» What is needed:
In the entries below, begin at the line with "mansfeld-harzvorland-deutschland-poster-oil-painting-oelgemaelde" and stop after the line with "Supporto trasmissione, manuale"; output those lines exactly and omit the pictures.

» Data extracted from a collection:
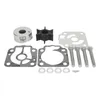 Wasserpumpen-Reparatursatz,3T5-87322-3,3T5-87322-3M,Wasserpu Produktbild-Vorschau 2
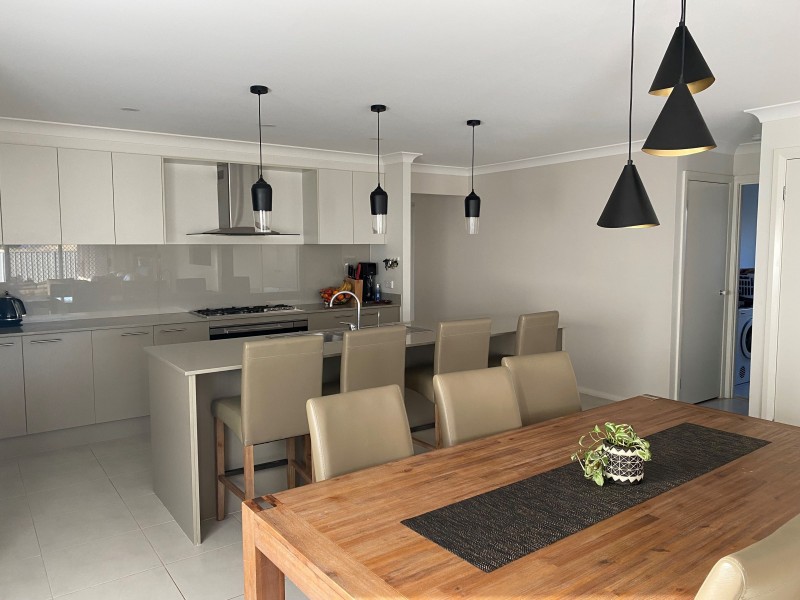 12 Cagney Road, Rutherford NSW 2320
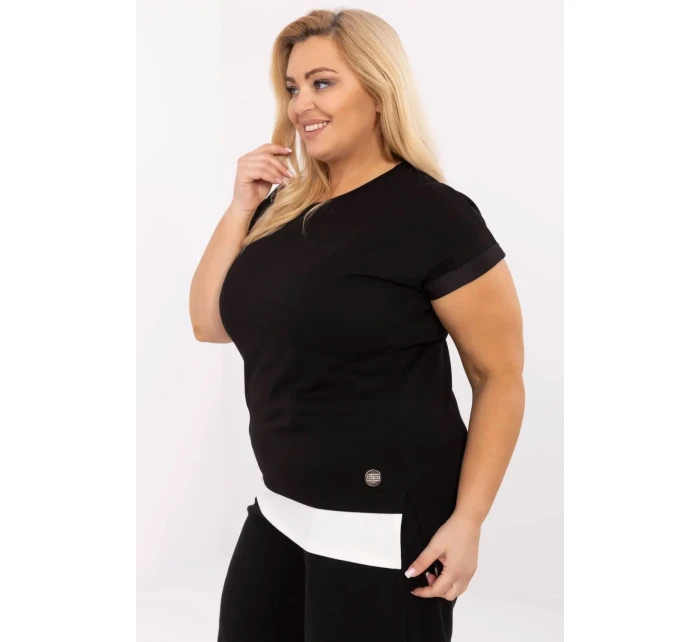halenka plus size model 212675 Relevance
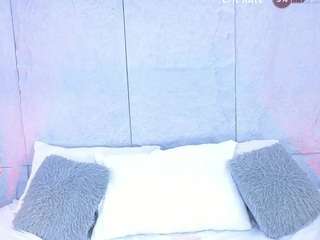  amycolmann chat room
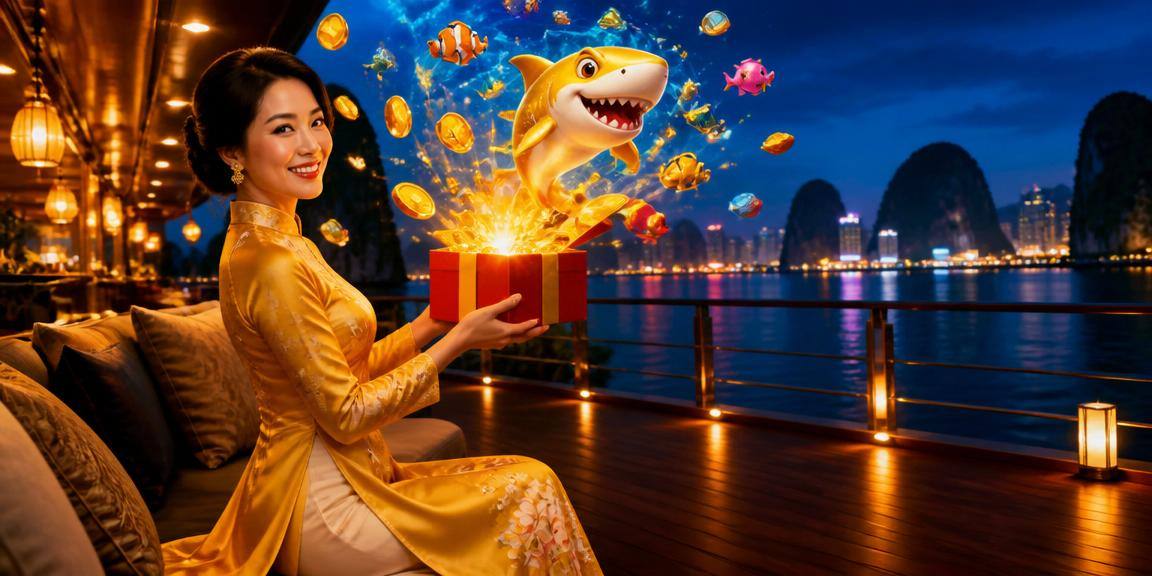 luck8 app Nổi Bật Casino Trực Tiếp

--

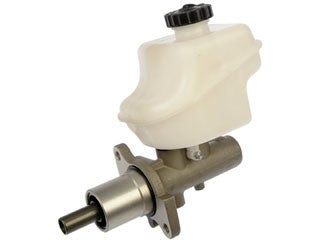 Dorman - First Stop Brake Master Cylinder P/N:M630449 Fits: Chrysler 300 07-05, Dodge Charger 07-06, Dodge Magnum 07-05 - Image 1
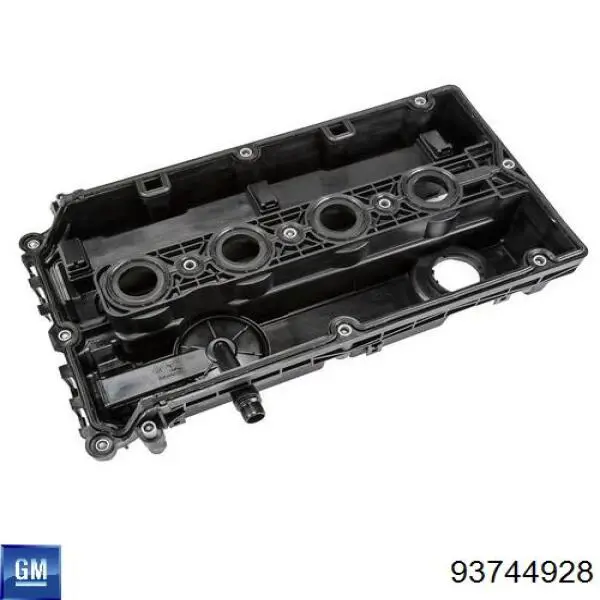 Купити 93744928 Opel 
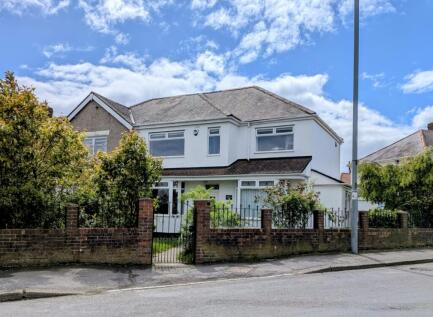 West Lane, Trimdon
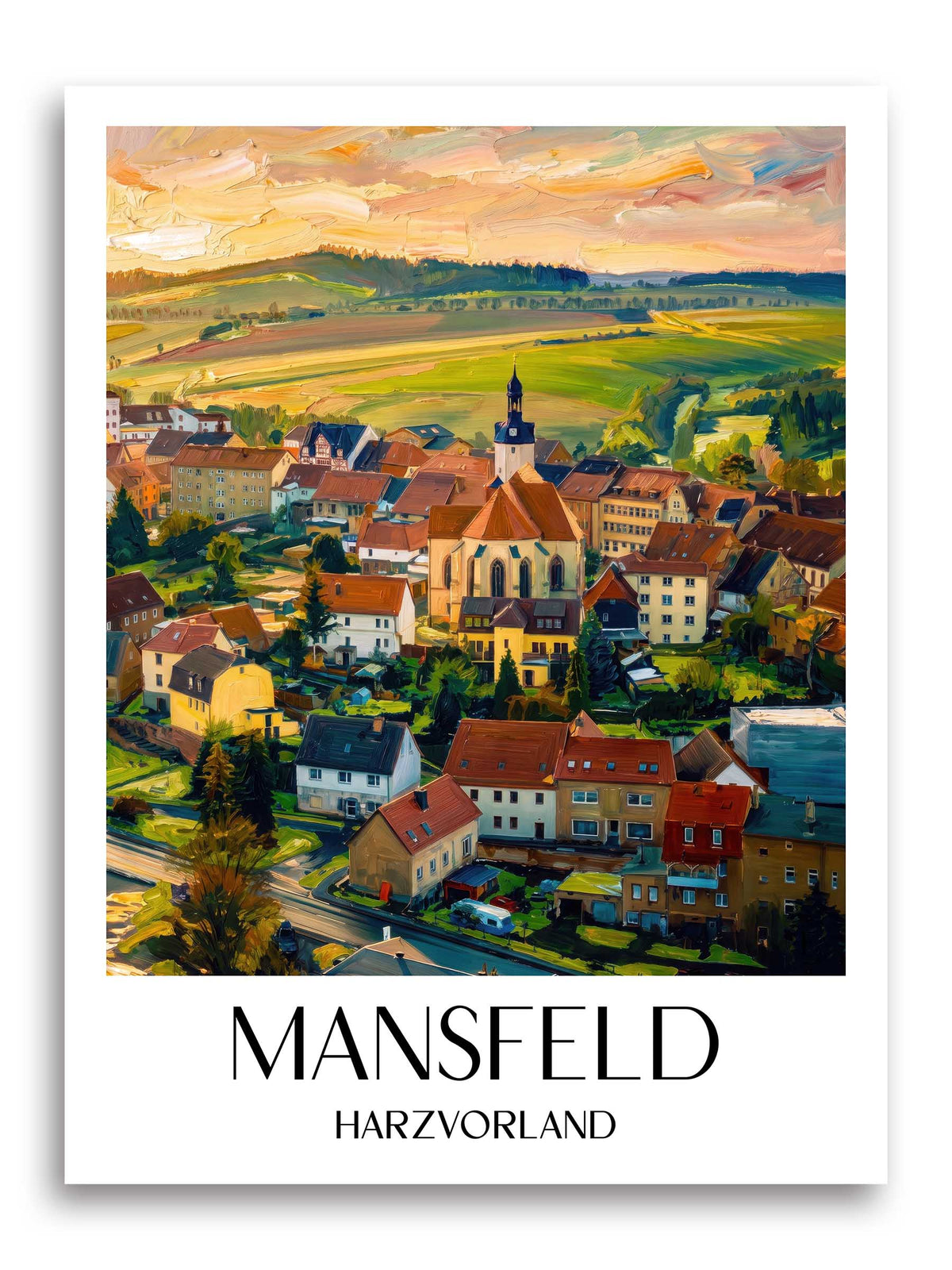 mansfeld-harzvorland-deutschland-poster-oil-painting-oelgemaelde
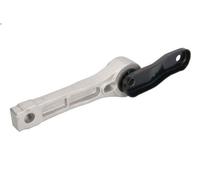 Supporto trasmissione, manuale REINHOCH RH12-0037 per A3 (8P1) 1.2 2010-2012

» The completed task:
 mansfeld-harzvorland-deutschland-poster-oil-painting-oelgemaelde
 Supporto trasmissione, manuale REINHOCH RH12-0037 per A3 (8P1) 1.2 2010-2012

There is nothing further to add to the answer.